Carl and the fisherman came back to the group, which is when it got even stranger…
“It’s a joyous day! Let us find the spirit in man and travel to the unknown,” Carl said in a booming voice that immediately quieted the other fishermen. “We are what you call astral travelers, so traveling dimension to dimension. If one man die, all men dead, and if one man live, all man live…” I couldn’t believe what I was seeing: on a dime everyone had gone from yelling to quietly nodding in agreement, seemingly hypnotized by Carl’s words. “Everything is relative,” Carl preached. “The cure, the money, everything is connected to the universe. One person does not realize how vulnerable we are within the changes of time. Earth will not disappear my brethren. As eye and eye.”

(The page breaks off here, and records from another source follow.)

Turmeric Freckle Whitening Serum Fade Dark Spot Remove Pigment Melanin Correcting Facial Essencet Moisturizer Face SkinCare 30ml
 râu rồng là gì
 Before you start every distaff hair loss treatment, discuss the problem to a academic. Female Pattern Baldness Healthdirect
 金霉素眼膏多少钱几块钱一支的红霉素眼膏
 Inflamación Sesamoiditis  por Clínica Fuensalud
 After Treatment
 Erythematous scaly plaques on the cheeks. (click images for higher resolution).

“SEE WHAT THIS SHOW’S ABOUT, right? It’s all coming together for me, who owns—who gets to live in paradise, right?” Tony said to the camera in the afternoon light on GoldenEye’s private beach. It was a beautiful spit of sand surrounded by a clamshell of cliffs and dense foliage. Small black-and-yellow bumblebee fish scooted through the coral pools that broke the Atlantic surf and ensured gentle bright turquoise waves. With every conceivable luxury only a call to Nicholas away, Tony mused on the strange plot unfurling around James Bond Beach just down the coast. “Let’s accept, as a basic premise, this is about as close to paradise as it gets, right? It’s Jamaica. Jamaicans live here. I mean… this place I’m staying was built by a guy who planned to live here, and lived here two months out of the year. You know, who gets to live like this? Well, me, clearly. Look, here I am, fully aware of the irony of the situation. The whole preservation thing: preserved for who? Save the reef, for who? Save the beach, for whom? Not you, motherfucker. Probably.”